Questions surrounding the mercurial French forward will grow ever louder if he posts another season without a major trophy. With the countdown to the 2026 World Cup firmly on, The Game Magazine columnist Andy Murray wonders if Mbappe has already had his peak.

From the Paris suburbs to Madrid, Kylian Mbappé’s career has been built on speed, timing and development. At 12, Kylian Mbappé sat in Zinedine Zidane’s car on the way to Real Madrid’s training ground, an early marker of the path he would take years later. He started in Bondy, where coaching at AS Bondy under his father Wilfried and guidance from his mother Fayza Lamari set the base.

Clairefontaine refined the talent that had already attracted Europe’s elite. Monaco gave him first-team minutes and a record as the club’s youngest debutant, then a breakout season that led to Paris Saint-Germain. With PSG, he became a global figure and a World Cup winner with France at 19. Madrid now provides the platform and expectations that come with LaLiga, the Bernabéu and leadership for Les Bleus. This article traces the places, mentors and positions that formed his game.

Real Madrid 10 Mbappe
IMAGO / nogueirafoto | Kylian Mbappé (Real Madrid) during the friendly match against Tirol at Tivoli Stadium, Innsbruck, August 12, 2025.

Has Kylian Mbappe already missed out on the Ballon d’Or that seemed inevitable?

By Andy Murray

Kylian Mbappe sat in Zinedine Zidane’s car and didn’t know what to do.

It was 2012, and arguably the finest footballer France had ever produced, now Real Madrid’s sporting director, had just picked up the precocious 12-year-old from the Spanish capital’s Barajas Airport and was about to drive Mbappe to los Blancos’ Valdebebas training ground for a tour and meet-and-greet. An awestruck Mbappe asked Zizou if he should remove his shoes.

“I was just thinking to myself: ‘I’m in Zizou’s car,’” Mbappe later said. “I’m Kylian from Bondy. This isn’t real – I must still be sleeping on the plane.” The pre-teen from the Parisian suburbs got a guided tour of the facilities from Zidane himself, watched training and got the photo with his hero Cristiano Ronaldo that has since become famous.

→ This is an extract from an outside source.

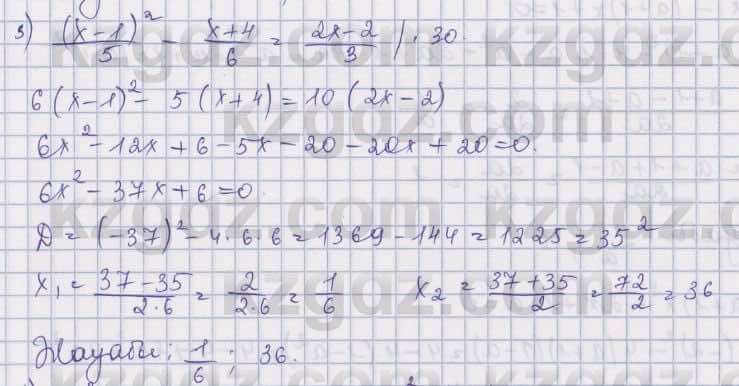 Алгебра Шыныбеков 8 класс 2018  Упражнение 2.177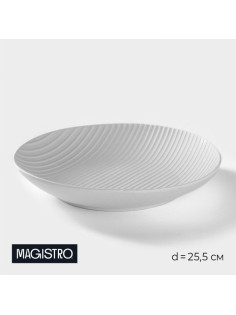 Тарелка Magistro Line, d=25.5 см, фарфор, белая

Real Madrid don’t roll out the carpet like this for just anyone, let alone a boy whose voice had barely broken. Yet this was no ordinary 12-year-old. Already selected for the prestigious Clairefontaine national academy in south-west France, his room covered floor to ceiling with posters of CR7, Mbappe had been invited to train with Chelsea and interested Bayern Munich, Liverpool and Manchester City. Even at such a tender age, this was a luxuriously gifted forward seemingly destined for greatness.

Kylian Mbappé 15 years old
IMAGO / foto2press | Kylian Mbappé celebrates his goal by imitating Cristiano Ronaldo’s iconic celebration during the UEFA U19 EURO match between the Netherlands and France.

Within six years, having rejected Madrid’s overtures in favour of Monaco’s reputation for developing elite young talent, Mbappe had joined Paris Saint-Germain as the world’s most expensive teenager, the second costliest player in history after new team-mate Neymar and won the World Cup. Four years after that, still only 22, he was a penalty shootout (and some Lionel Messi genius) away from retaining that world crown.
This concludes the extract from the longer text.